By Rob McLaren, Insight Manager
Few announcements have rocked the media world in recent times quite like this one. Comcast, parent company of Sky, is in talks to acquire the media and entertainment arm of ITV.
They say 70 is the new 50, and that certainly rings true for this proposed merger. ITV celebrated its 70th anniversary this September and, with it, the 70th anniversary of the first TV advert to hit UK screens. The Sky-ITV merger, if it comes to fruition, would represent one of the biggest commercial broadcasting shake-ups in the seven decades since. The proposed £1.6bn deal still faces major regulatory challenges but, if it clears those hurdles, would lead to around 70% of UK TV ad revenues being controlled by a single entity.
Still, those hurdles are numerous, and passage is far from certain. For one, the combined entity would command a near-monopolistic position in the broadcast ad market, where ITV and Sky are currently the primary and secondary forces. This will likely trigger intense scrutiny from both the media regulator, Ofcom, and the UK’s Competition and Markets Authority (CMA).
Indeed, previous merger attempts involving both companies have been blocked on similar grounds.

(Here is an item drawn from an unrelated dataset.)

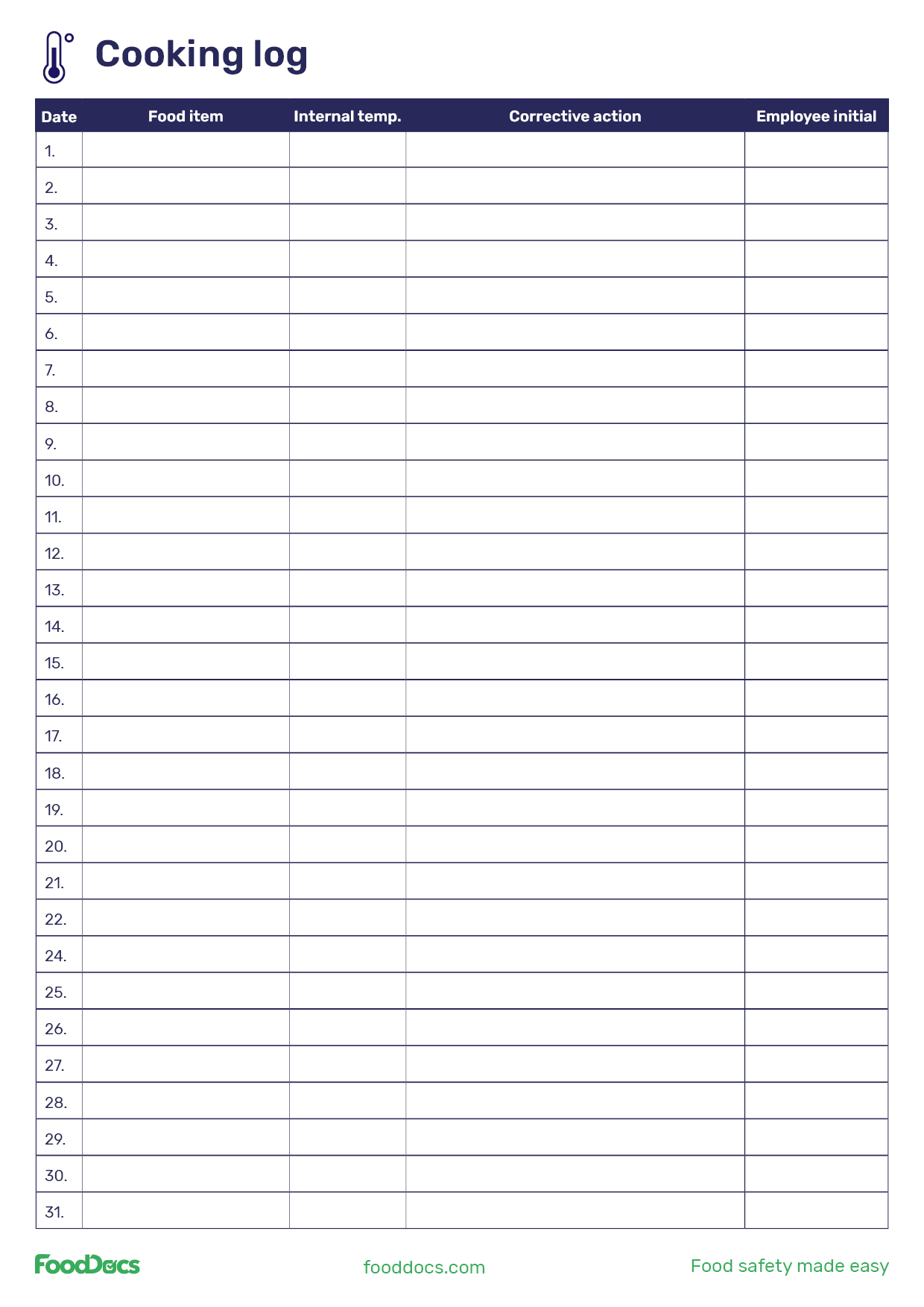 Free Printable Food Temperature Log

In 2018, Fox’s proposed takeover of Sky was blocked on the grounds it would give the Murdoch family too much control over UK news providers. Earlier still, BSkyB – as it was then known, prior to its acquisition by Comcast – was ordered to reduce its stake in ITV on monopoly grounds.
Furthermore, an acquisition by the US-based Comcast may be challenged due to ITV’s status as a public service broadcaster, particularly given that its 40% stake in news provider ITN is included as part of its media and entertainment arm.
Should the proposed deal succeed, its impact on advertisers would be mixed. Ian Daly, Head of AV Investment at the7stars, highlights a benefit. ‘Combining Sky’s addressable advertising technology with ITV’s mass reach to create a single, data-driven proposition [helps keep] UK TV ad budgets within the domestic ecosystem, rather than losing them to Google and Meta.’
However, the deal is also fraught with risks. The dominant market position of a combined Sky-ITV entity could, Daly projects, lead Comcast to ‘use its new market power to push up prices for advertisers’.
Though ITV’s broadcasting arm remains profitable, its CEO Carolyn McCall has forecast that, just as they did in Q4 2024, its ad revenues will decline by high single digits in the final quarter of this year. That Sky has come back for another bite at the ITV cherry suggests that it believes the threat to broadcasting revenues is significant enough to warrant a combined business.
As the7stars Founder, Jenny Biggam, recently told Campaign, ‘a single point of sale could finally make planning and buying across platforms more streamlined, with more joined-up targeting and measurement’. Such a development could help to safeguard broadcast ad revenues for years to come.
However, like the proposed mega media mergers that came before it, the only certainty in the Sky-ITV deal is that much uncertainty remains. As Biggam concludes: ‘The real test will be whether this move genuinely modernises TV trading, something many of us think is well overdue.’